Data extracted from a collection:
★ ★ ★ ★ ★ ★ ★

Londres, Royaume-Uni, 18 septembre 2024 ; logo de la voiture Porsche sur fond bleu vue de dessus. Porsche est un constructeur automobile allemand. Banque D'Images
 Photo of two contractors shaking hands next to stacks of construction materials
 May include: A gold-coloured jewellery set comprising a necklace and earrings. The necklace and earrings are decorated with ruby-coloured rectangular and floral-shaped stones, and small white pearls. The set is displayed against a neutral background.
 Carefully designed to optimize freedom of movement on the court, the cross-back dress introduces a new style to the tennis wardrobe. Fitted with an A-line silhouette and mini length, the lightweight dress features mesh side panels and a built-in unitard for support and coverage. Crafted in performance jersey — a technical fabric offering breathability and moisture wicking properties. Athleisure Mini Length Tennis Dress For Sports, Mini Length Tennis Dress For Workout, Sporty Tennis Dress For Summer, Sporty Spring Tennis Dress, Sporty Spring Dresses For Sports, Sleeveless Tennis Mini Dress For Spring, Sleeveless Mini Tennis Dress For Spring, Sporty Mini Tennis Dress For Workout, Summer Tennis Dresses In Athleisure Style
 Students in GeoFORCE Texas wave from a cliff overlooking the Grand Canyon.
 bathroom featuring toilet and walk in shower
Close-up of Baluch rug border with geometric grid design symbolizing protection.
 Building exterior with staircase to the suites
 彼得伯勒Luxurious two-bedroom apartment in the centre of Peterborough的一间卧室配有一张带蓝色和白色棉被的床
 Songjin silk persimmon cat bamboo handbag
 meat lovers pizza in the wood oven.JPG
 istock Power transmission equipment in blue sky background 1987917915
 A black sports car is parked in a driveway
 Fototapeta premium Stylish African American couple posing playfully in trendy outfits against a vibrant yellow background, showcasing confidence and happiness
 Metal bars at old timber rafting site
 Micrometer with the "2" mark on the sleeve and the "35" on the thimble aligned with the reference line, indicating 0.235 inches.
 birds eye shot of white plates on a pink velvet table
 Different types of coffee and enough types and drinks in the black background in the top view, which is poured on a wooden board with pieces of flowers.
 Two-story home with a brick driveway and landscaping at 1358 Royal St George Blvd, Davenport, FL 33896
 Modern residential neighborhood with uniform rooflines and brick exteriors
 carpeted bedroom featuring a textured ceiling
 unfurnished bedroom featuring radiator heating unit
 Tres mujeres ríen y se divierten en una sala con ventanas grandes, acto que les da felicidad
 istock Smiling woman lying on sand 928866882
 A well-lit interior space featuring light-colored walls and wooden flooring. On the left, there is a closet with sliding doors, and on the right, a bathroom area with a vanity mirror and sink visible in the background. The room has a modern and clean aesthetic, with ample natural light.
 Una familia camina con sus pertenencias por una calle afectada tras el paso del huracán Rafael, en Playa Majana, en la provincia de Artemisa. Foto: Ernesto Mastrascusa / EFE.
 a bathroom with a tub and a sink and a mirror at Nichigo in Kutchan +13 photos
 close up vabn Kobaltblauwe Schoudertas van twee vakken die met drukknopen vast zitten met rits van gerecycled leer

★ ★ ★ ★ ★ ★ ★

Set down the records again without altering a word.

WRITTEN REPLY:
Londres, Royaume-Uni, 18 septembre 2024 ; logo de la voiture Porsche sur fond bleu vue de dessus. Porsche est un constructeur automobile allemand. Banque D'Images
 Photo of two contractors shaking hands next to stacks of construction materials
 May include: A gold-coloured jewellery set comprising a necklace and earrings. The necklace and earrings are decorated with ruby-coloured rectangular and floral-shaped stones, and small white pearls. The set is displayed against a neutral background.
 Carefully designed to optimize freedom of movement on the court, the cross-back dress introduces a new style to the tennis wardrobe. Fitted with an A-line silhouette and mini length, the lightweight dress features mesh side panels and a built-in unitard for support and coverage. Crafted in performance jersey — a technical fabric offering breathability and moisture wicking properties. Athleisure Mini Length Tennis Dress For Sports, Mini Length Tennis Dress For Workout, Sporty Tennis Dress For Summer, Sporty Spring Tennis Dress, Sporty Spring Dresses For Sports, Sleeveless Tennis Mini Dress For Spring, Sleeveless Mini Tennis Dress For Spring, Sporty Mini Tennis Dress For Workout, Summer Tennis Dresses In Athleisure Style
 Students in GeoFORCE Texas wave from a cliff overlooking the Grand Canyon.
 bathroom featuring toilet and walk in shower
Close-up of Baluch rug border with geometric grid design symbolizing protection.
 Building exterior with staircase to the suites
 彼得伯勒Luxurious two-bedroom apartment in the centre of Peterborough的一间卧室配有一张带蓝色和白色棉被的床
 Songjin silk persimmon cat bamboo handbag
 meat lovers pizza in the wood oven.JPG
 istock Power transmission equipment in blue sky background 1987917915
 A black sports car is parked in a driveway
 Fototapeta premium Stylish African American couple posing playfully in trendy outfits against a vibrant yellow background, showcasing confidence and happiness
 Metal bars at old timber rafting site
 Micrometer with the "2" mark on the sleeve and the "35" on the thimble aligned with the reference line, indicating 0.235 inches.
 birds eye shot of white plates on a pink velvet table
 Different types of coffee and enough types and drinks in the black background in the top view, which is poured on a wooden board with pieces of flowers.
 Two-story home with a brick driveway and landscaping at 1358 Royal St George Blvd, Davenport, FL 33896
 Modern residential neighborhood with uniform rooflines and brick exteriors
 carpeted bedroom featuring a textured ceiling
 unfurnished bedroom featuring radiator heating unit
 Tres mujeres ríen y se divierten en una sala con ventanas grandes, acto que les da felicidad
 istock Smiling woman lying on sand 928866882
 A well-lit interior space featuring light-colored walls and wooden flooring. On the left, there is a closet with sliding doors, and on the right, a bathroom area with a vanity mirror and sink visible in the background. The room has a modern and clean aesthetic, with ample natural light.
 Una familia camina con sus pertenencias por una calle afectada tras el paso del huracán Rafael, en Playa Majana, en la provincia de Artemisa. Foto: Ernesto Mastrascusa / EFE.
 a bathroom with a tub and a sink and a mirror at Nichigo in Kutchan +13 photos
 close up vabn Kobaltblauwe Schoudertas van twee vakken die met drukknopen vast zitten met rits van gerecycled leer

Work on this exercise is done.